> **WHAT YOU WILL DO**:
The records follow. Copy them exactly, but omit the pictures.

> **SUPPLIED DATA**:

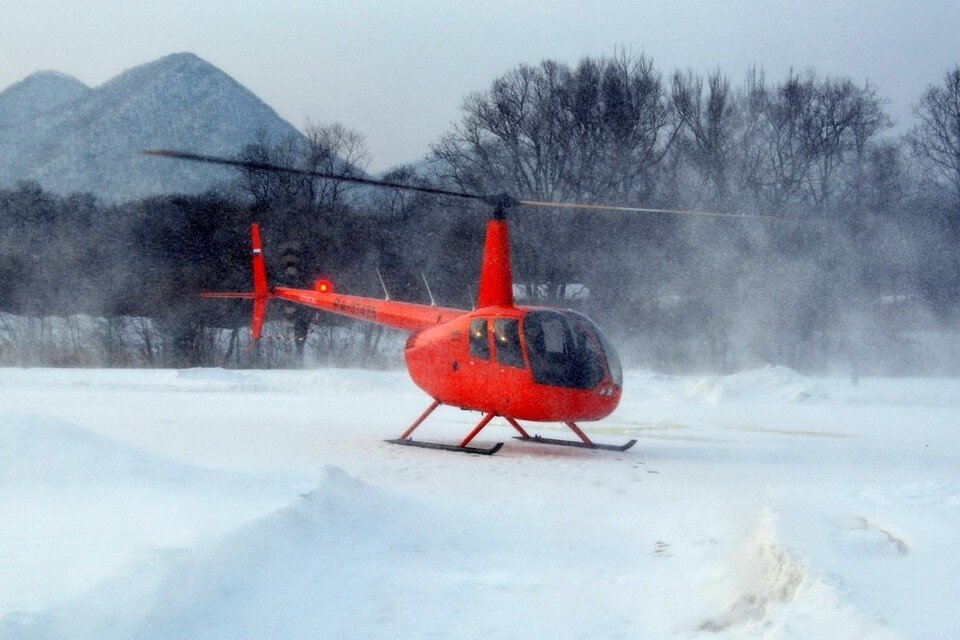     Хищников заметили с высоты птичьего полета.  ФГБУ «Земля леопарда»
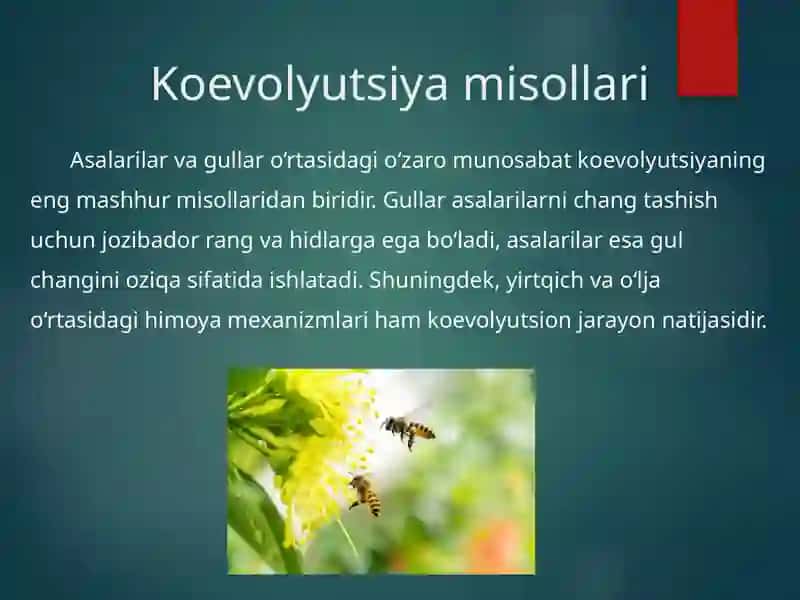 Koevolyutsiya va Environmentalizm dialektikasi 4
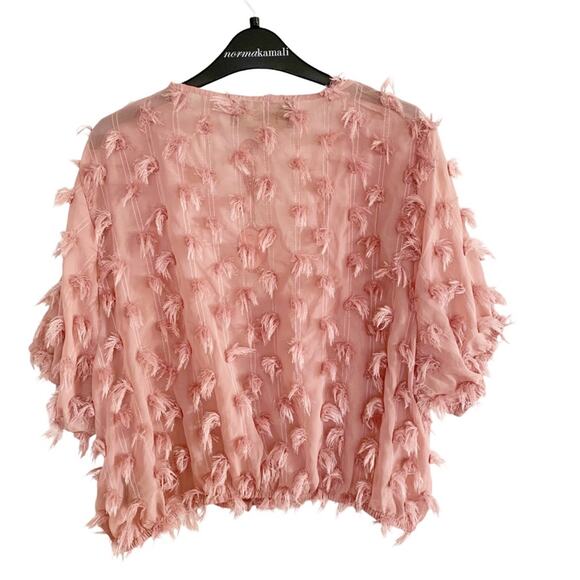 Spoon Jeans Dusty Pink Fringe Embellished Chiffon V Neck Blouse 2X NWT - Picture 3 of 9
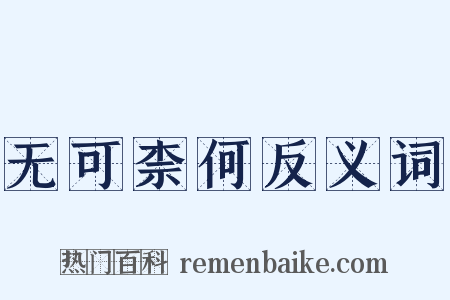 无可柰何反义词是什么意思的图片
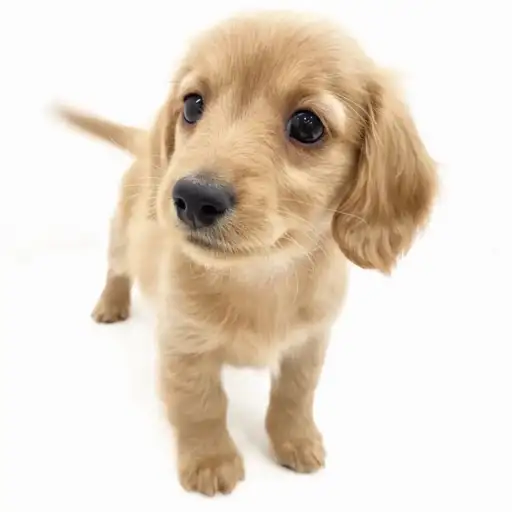 ミニチュア・ダックスフント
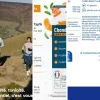 Top 6 des meilleurs compléments protection cartilages (mai 2026)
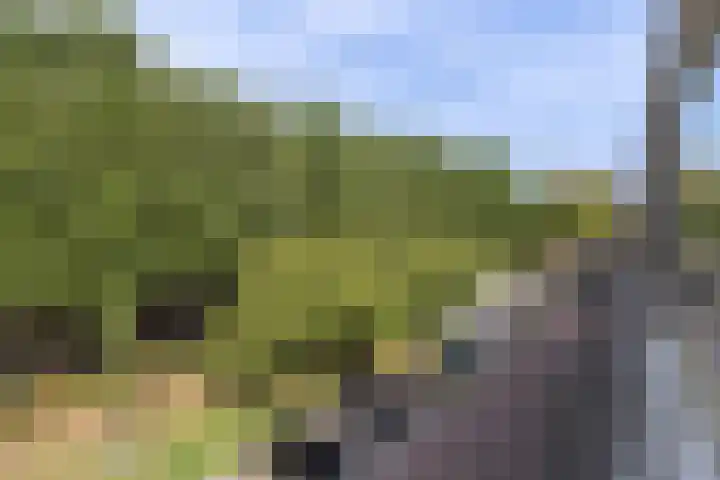 Jan Steenlaan 61 02 Veenendaal thumbnail 19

> **RESULT OF THIS EXERCISE**:
     Хищников заметили с высоты птичьего полета.  ФГБУ «Земля леопарда»
 Koevolyutsiya va Environmentalizm dialektikasi 4
 Spoon Jeans Dusty Pink Fringe Embellished Chiffon V Neck Blouse 2X NWT - Picture 3 of 9
 无可柰何反义词是什么意思的图片
 ミニチュア・ダックスフント
 Top 6 des meilleurs compléments protection cartilages (mai 2026)
 Jan Steenlaan 61 02 Veenendaal thumbnail 19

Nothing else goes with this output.